Fort Belvoir’s Woodlawn Chapel Reopens to Communities of Faith

Faith stands up to challenge. That was the triumphant message at Fort Belvoir’s Woodlawn Chapel, where the community celebrated with a ribbon cutting, June 4, marking a return of activity after two years to repair the heating and air-conditioning system, as well perform mold remediation.

Col. Joe Messina, Garrison Commander, told the gathering outside the chapel on a sunny Sunday morning that he understood how difficult the interim period had been.

“I understand that during those two years, that we had temporary facilities you had to set up and break down for services on a weekly basis. And here you have something for our community that is permanent, and that's important that we have this here,” Messina said. “We can now resume the job of community outreach, not just here, but also off the installation, with our local community, with the Kennedy homeless shelter and the things that we do throughout the area. This building is community; reinforcing what the religious services organization is doing for our community.

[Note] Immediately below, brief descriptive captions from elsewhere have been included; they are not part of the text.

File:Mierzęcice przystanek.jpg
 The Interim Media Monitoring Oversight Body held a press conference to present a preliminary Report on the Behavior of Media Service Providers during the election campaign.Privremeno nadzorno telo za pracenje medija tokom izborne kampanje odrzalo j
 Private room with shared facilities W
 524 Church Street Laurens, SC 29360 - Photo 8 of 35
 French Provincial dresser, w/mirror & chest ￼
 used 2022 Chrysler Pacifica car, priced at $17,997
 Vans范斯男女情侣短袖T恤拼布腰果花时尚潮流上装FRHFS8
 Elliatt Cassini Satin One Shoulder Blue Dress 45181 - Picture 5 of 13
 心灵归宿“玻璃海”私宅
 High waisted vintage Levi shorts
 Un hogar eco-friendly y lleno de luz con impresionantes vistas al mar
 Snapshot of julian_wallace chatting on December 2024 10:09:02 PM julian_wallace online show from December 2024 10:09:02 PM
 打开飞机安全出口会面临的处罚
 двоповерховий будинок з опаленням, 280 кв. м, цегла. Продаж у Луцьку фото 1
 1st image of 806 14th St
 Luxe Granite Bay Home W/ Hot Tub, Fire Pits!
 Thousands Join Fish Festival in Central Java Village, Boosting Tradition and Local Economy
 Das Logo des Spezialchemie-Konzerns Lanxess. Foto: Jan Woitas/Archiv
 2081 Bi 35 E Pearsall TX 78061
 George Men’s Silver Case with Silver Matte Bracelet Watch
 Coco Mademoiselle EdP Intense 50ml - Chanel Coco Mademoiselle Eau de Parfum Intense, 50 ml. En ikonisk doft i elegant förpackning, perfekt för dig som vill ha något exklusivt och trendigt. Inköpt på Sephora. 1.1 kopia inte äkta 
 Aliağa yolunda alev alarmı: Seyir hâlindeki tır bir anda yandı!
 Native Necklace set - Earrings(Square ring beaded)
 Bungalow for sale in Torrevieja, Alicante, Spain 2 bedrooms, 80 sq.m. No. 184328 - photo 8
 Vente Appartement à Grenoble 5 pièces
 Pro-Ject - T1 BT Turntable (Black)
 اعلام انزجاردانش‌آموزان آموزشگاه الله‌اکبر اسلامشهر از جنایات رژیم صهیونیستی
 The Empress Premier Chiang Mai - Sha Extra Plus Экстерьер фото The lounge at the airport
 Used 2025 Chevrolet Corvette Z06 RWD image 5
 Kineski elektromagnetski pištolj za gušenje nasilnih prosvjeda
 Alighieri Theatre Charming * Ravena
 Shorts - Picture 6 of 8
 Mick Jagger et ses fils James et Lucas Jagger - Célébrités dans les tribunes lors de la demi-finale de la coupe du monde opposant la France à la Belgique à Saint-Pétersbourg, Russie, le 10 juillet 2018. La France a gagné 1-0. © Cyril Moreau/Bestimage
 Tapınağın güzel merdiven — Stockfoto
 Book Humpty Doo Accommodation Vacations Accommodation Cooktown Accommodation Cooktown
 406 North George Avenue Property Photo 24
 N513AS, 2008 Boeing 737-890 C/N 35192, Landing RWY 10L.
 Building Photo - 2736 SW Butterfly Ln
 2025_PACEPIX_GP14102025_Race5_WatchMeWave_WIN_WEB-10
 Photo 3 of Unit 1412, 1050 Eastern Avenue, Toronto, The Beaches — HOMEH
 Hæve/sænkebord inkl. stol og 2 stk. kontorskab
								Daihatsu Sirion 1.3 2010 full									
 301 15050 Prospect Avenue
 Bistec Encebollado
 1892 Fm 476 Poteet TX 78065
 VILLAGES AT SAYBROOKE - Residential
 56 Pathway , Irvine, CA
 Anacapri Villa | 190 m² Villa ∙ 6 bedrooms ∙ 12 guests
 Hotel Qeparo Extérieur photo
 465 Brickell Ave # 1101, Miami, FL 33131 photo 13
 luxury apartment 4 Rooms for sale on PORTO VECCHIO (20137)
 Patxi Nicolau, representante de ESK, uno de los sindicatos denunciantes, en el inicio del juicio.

Messina thanked everybody that put time and effort into this effort, including Chaplain Davis, Chaplain Faichney, who just PCS’d to Fort Stewart, and the time and the effort from everyone pushing the garrison to complete this project, to ensure that the chapel could reopen as quickly as possible.

Chaplain (Brigadier General) William Green, Jr., the Army's 26th Deputy Chief of Chaplains, noted that anywhere you travel in the United States, chapels hold an important place in the community.

Chaplain (BG) William Green, Army Deputy Chief of Chaplains, addresses congregants at the reopening of Woodlawn Chapel, June 4. Green noted how a chapel’s importance can be seen by it’s central location within nearly every American community.

“Chapels serve as a beacon of light in the community. In the United States, the center of everything starts from the house of worship,” Green said. “That's for a very important reason: because of what it instills in the community, and what it does for us in our everyday life and living amongst others within the community that serves as a beacon of hope. It gives us a place to come and practice our religious faith. And it also gives us a place to meet together as the scriptures would tell us to not forsake the assembling of ourselves together in the house of worship.”

Green noted that the 127th Psalm in the bible advises that “Unless the Lord builds the house, they labor in vain who build it … It is the Lord who establishes families and make sure that we have a place to practice our faith so that we can be the men and women of God that God has called us to be.”

Green joined the Fort Belvoir command team, with their spouses, to cut the ribbon and officially mark the gathering again of community.

Lt. Col. Chad Davis, Deputy Garrison Chaplain, said that it was a difficult time for everyone having to make use of temporary facilities, but it was a challenge that faith overcame.

“During COVID and when this was shut down because of mold and remediation, we were scattered in this building and that building. We didn't have signage; we were on separate parts of the installation. We very much felt like we were in exile,” Davis explained. “But we have returned from exile. The first day back in the building was Palm Sunday, and it was indeed a triumphal entry.”